Also note that assuming that byte 20-21 is 45 even when it's something 
else is possibly not something Postel would accept as an application of 
his law -- unless you document your software specifically as working 
only with Marc21, and not any Marc.


[Postel's Law: Be conservative in what you send; be liberal in what you 
accept. http://en.wikipedia.org/wiki/Robustness_principle  .  That wiki 
page also notes the general category of downside in following Postel's 
law, which is what was encountered with HTML, and which _I've_ 
encountered with MARC:  For example, a defective implementation that 
sends non-conforming messages might be used only with implementations 
that tolerate those deviations from the specification until, possibly 
several years later, it is connected with a less tolerant application 
that rejects its messages. In such a situation, identifying the problem 
is often difficult, and deploying a solution can be costly. 


Yes, identifying the problem and deploying the solution was costly, in 
my MARC case, although it definitely could have been worse. ]

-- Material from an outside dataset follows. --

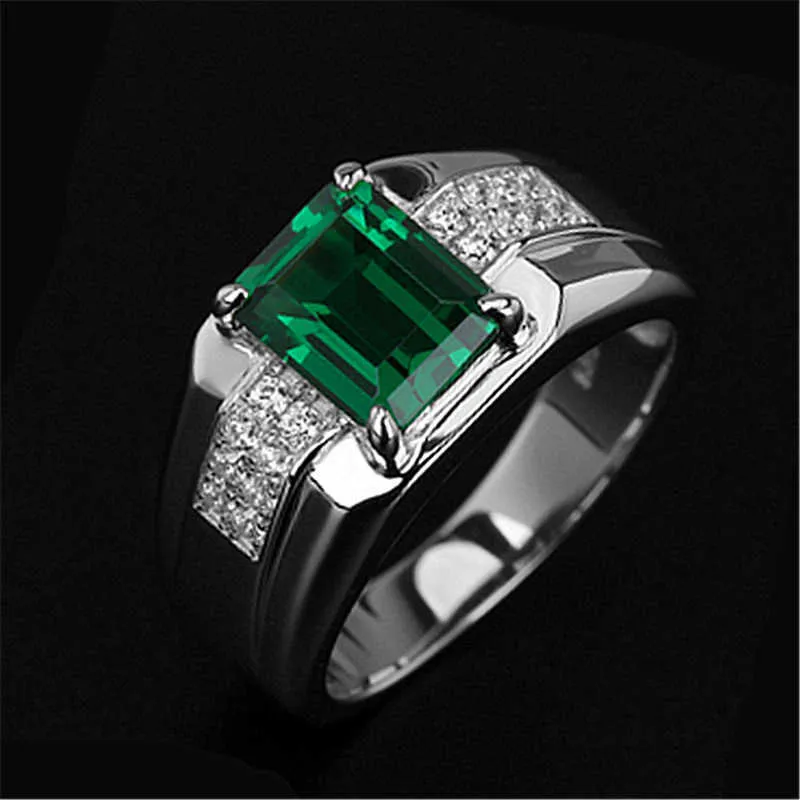 Mens Ringar Crystal Emerald Green Spinel Mäns Ring Platinum Plated Fashion Diamond Lady Cluster Styles Band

Re: [CODE4LIB] MARC magic for file

2011-04-06 Thread Kyle Banerjee
 Well, the problem is when the original Marc4J author took the spec at it's
 word, and actually _acted upon_ the '4' and the '5', changing file semantics
 if they were different, and throwing an exception if it was a non-digit.

At least the author actually used the values rather than checking to see if
a 4 or 5 were there. I still don't see what the point of looking for a 0 in
an undefined field would be. I'm wondering what kind of nut job would write
this into the standard, but that's not the author's problem.


 Do you think he got it wrong?  How was he supposed to know he got it wrong,
 he wrote to the spec and took it at it's word. Are you SURE there aren't any
 Marc formats other than Marc21 out there that actually do use these bytes
 with their intended meaning, instead of fixing them?


I wouldn't call it wrong -- the spec is a logical point of departure. MARC21
derives from an ISO standard that does not use those character positions and
which otherwise requires the same data layout, but the author wouldn't
necessarily know that.

Standards have something in common with laws in that how they are used in
the real world is as or more important than what is actually defined --
what's written and what's done in practice can be very different.

Everyone here who has parsed catalog data who has done an ILS migration
knows better than to just think for a second that fields can be assumed to
be used as defined except for very basic stuff.


 How was the Marc4J author supposed to be sure of that, or even guess it
 might be the case, and know he'd be serving users better by ignoring the
 spec here instead of following it?


There might not have been a good way to know. With data, one thing you
always want to do is ask a bunch of people who work with it all the time
about anomalies in the wild. Many great works of fiction masquerade as
documents which supposedly describe reality.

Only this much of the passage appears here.